*Task statement*
Wherever the records include pictures, skip them and transcribe all the rest word for word.

*Information supplied*
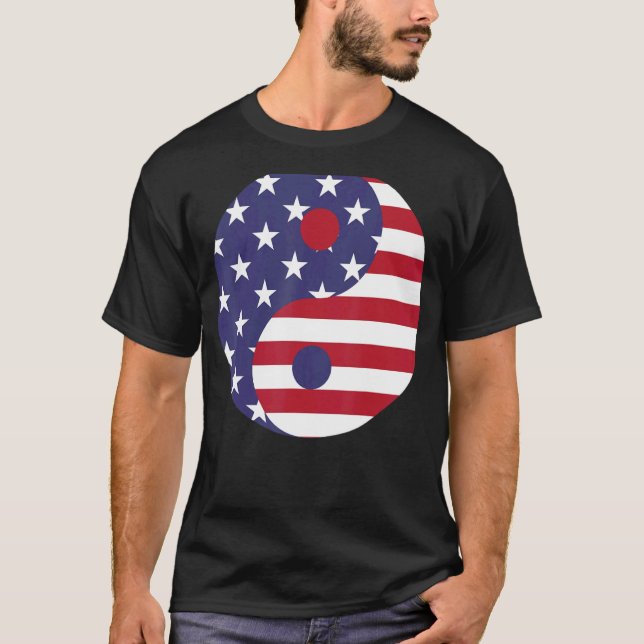USA Flag Ying and Yang T-Shirt (Vorderseite)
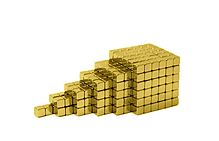 Неокуб Тетракуб із кубиків у боксі 216 шт 5 мм золото магнітний конструктор кульки, фото 2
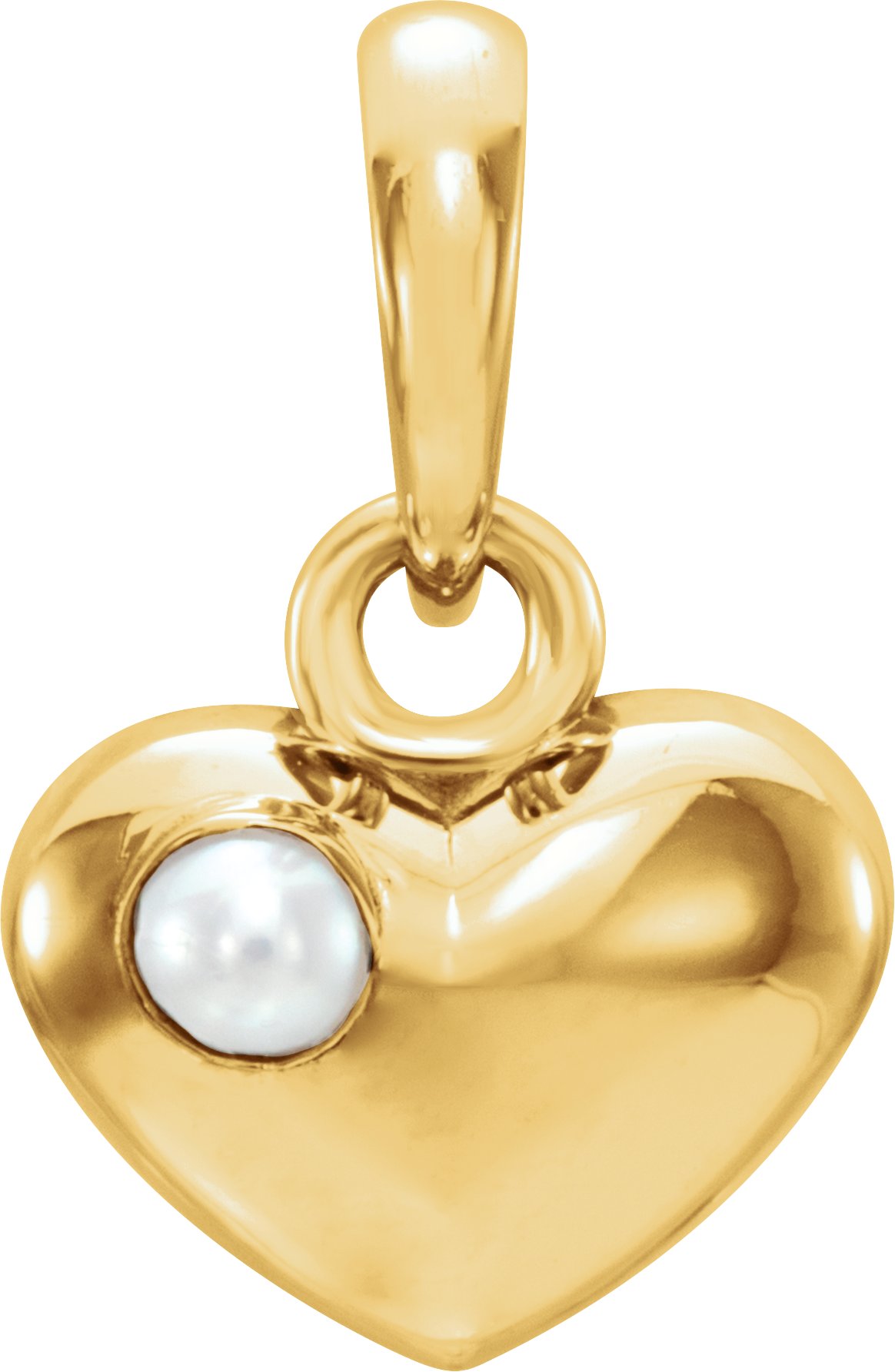 14K Yellow Freshwater Cultured Pearl Heart Pendant Ref. 12160121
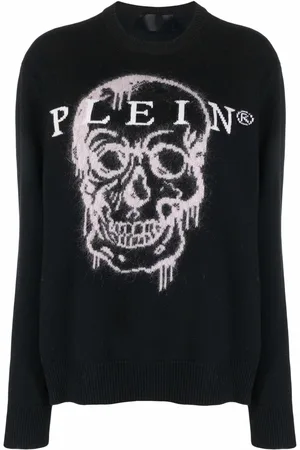 Philipp Plein Intarsiastrikket trøje med dødningehoved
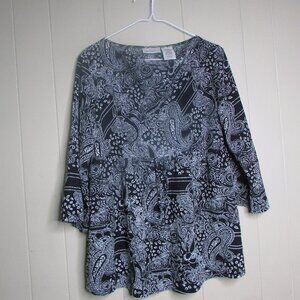 Maternity Announcements Blouse M 3/4 Sleeve Black White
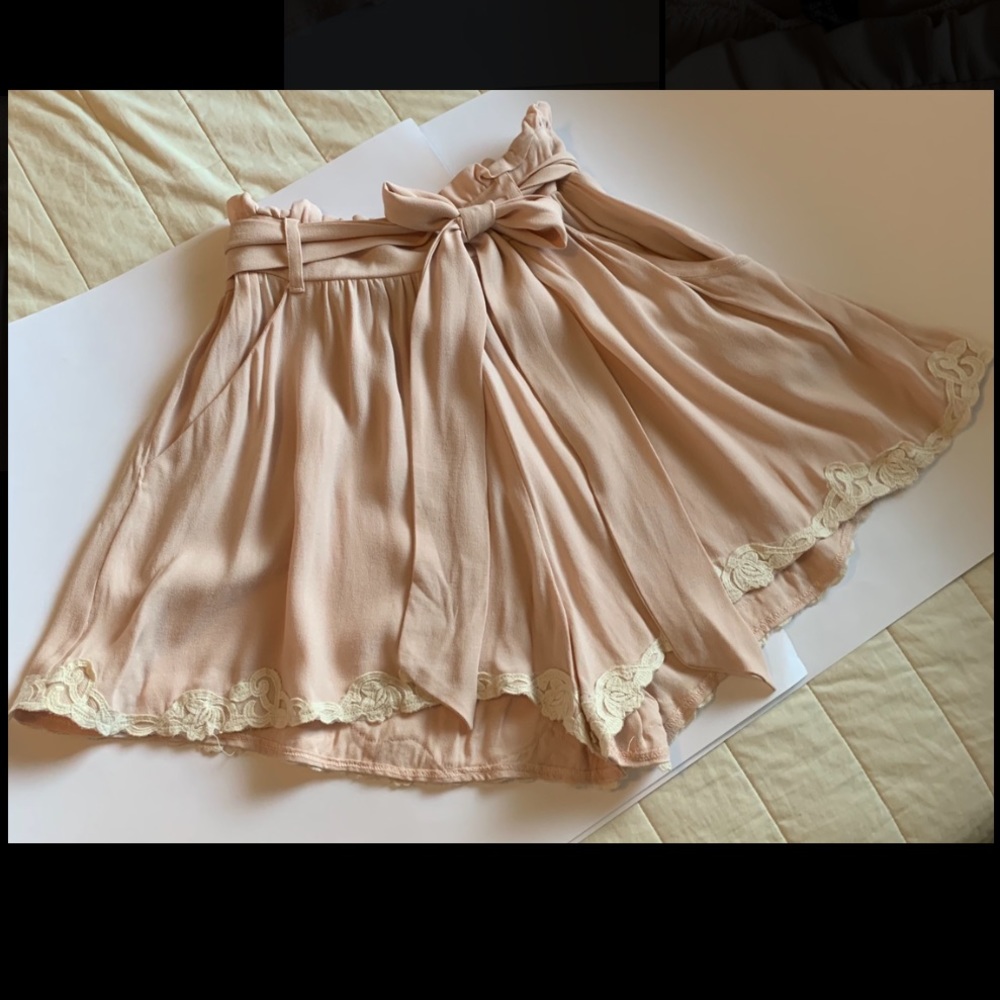 Victorian Style Lace Trim Short High Waist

*Exercise result*
USA Flag Ying and Yang T-Shirt (Vorderseite)
 Неокуб Тетракуб із кубиків у боксі 216 шт 5 мм золото магнітний конструктор кульки, фото 2
 14K Yellow Freshwater Cultured Pearl Heart Pendant Ref. 12160121
 Philipp Plein Intarsiastrikket trøje med dødningehoved
 Maternity Announcements Blouse M 3/4 Sleeve Black White
 Victorian Style Lace Trim Short High Waist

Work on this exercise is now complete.